Stochasticity, or random factors

When working with random networks and stochastic processes there are additional complications due to the use of randomness. It is entirely possible that, just by a chance interaction, a disease on a network will die out. Run the same experiment on the same network with the same parameters – and you might get a disease that doesn’t die out, because the chance interaction didn’t happen this time.

Does this mean that such experiments aren’t repeatable? No! – but it does mean that we need to be careful, perform repetitions, be sure that we understand the implications of the various random factors that affect the outcome of each experiment. We’ll have a lot more to say on this topic later.

What this discussion is getting at is that we need to be careful in going from the models we develop, their realisation in code, and their execution in simulation, to conclusions about the real world. We need to be sure that the conclusions we draw are supported by the simulations we’ve done, and that they match, to an appropriate degree, observations we can make about the real-world process we’re simulating.

The process and coding of simulation

Let’s look in overview at the process of discrete-event simulation, before we get into the coding details.

The basic process of simulation involves repeatedly deciding three things:

  1. when (in simulation time) does the next event occur?,

  2. where in the network does it occur?, and

  3. which event is it that occurs?

The event is then executed, and the process repeats – forever in principle, and in practice until some termination condition occurs. In network science we often use a termination condition of equilibrium, where the network has in some sense “stabilised” so we can look at its overall state. In SIR this might be when there are no infected nodes left in the network, since no further events are then possible.

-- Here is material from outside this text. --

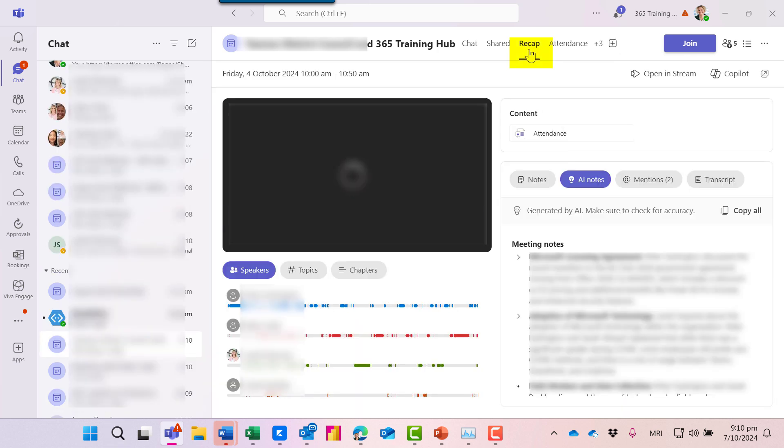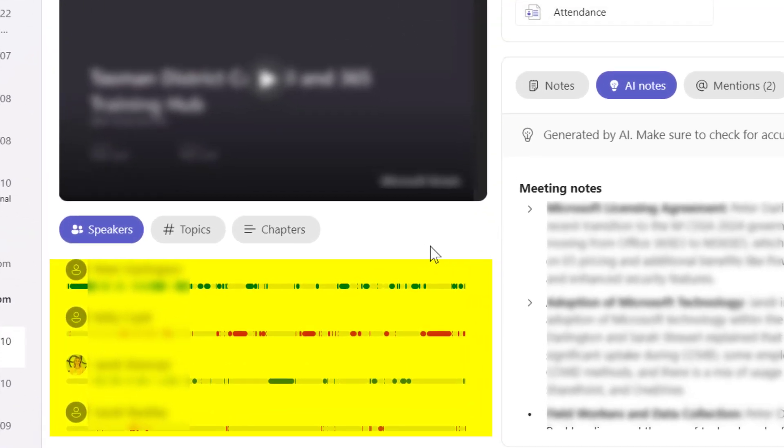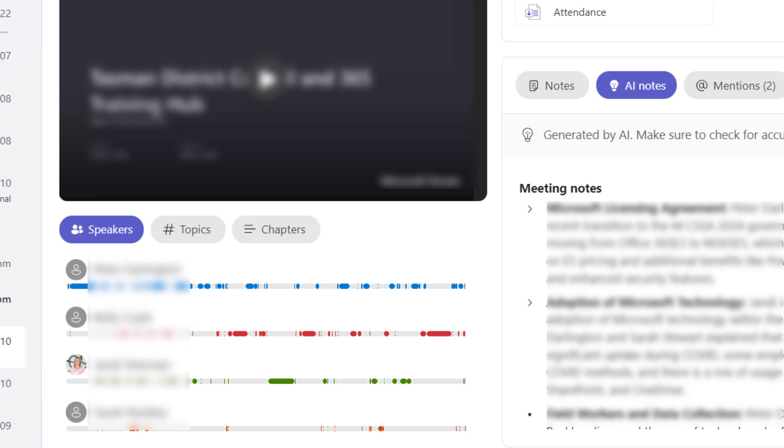Under the Recap tab, there are speaker markers where I can quickly find specific parts of the meeting. Just click a marker to jump to that point in the meeting.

How are these three decisions made? The details are what differentiates between the different methods of simulation. For our purposes, epydemic provides a framework for simulating epidemics on networks, with the decision-making either being coded directly or – more conveniently – being offloaded to a software encoding of a compartmented model. It’s this framework we’ll turn to next.

The structure of epydemic simulations

What is the appropriate software structure for a simulator? There probably is no right answer to this, but epydemic views simulations as being composed of two distinct parts:

  1. Processes that define how the process being simulated behaves in time; and

  2. Dynamics that define how the model is used to produce and execute the stream of events making up the simulated process.

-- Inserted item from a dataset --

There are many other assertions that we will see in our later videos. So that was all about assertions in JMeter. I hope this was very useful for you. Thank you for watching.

A process defines methods for setting-up, running, and tearing-down the process for each experiment we run; for defining the rates at which different events occur; for the code that runs at each event; for collecting the results of the experiment; and for accessing and changing the network over which the process runs. There are all sorts of processes we can define, including the compartmented model process that executes compartmented disease models. (We’ll come onto these later.)

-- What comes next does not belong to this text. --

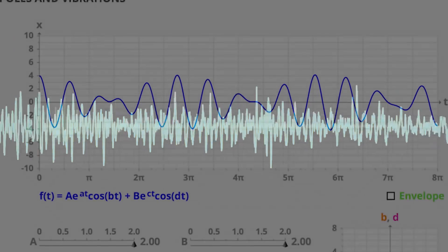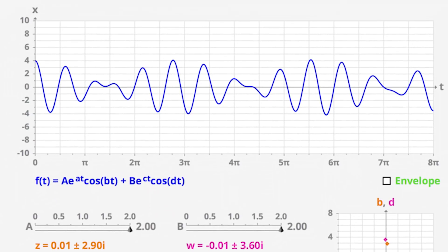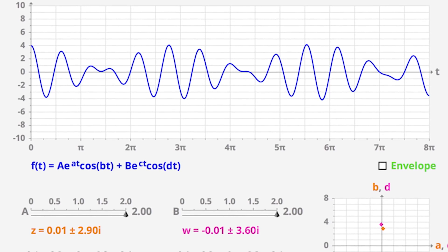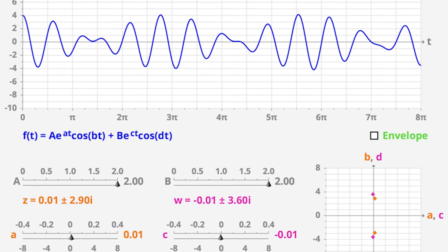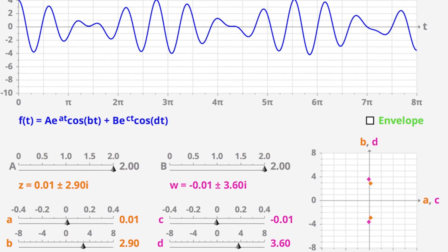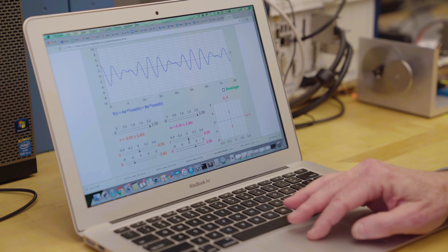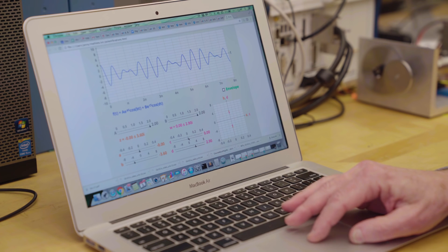We hear this music in time with its specific timbre. But engineers see it represented differently in the frequency domain, where its features are more clearly represented and manipulated.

A dynamics by contrast determines which event runs next. This is the main division of labour between processes and models: a model defines what events do, while the dynamics defines what events run and in what order. The bridge between these two responsibilities is provided by the statistical functions on the process API that return the rates at which events should occur. The dynamics knows nothing about how these rates are computed: they will typically change as a result of events being fired; similarly, it knows nothing about what the events do.

There are two basic kinds of dynamics. Synchronous dynamics works in discrete time, and at each timestep decides whether each possible event occurs or not. Stochastic or Gillespie dynamics works in continuous time and is bboth more efficient and more statistically exact, at a cost of being perhaps less intuitive. Let’s look at the synchronous case first, even though it’s less commonly used in practice, and then tackle the stochastic case.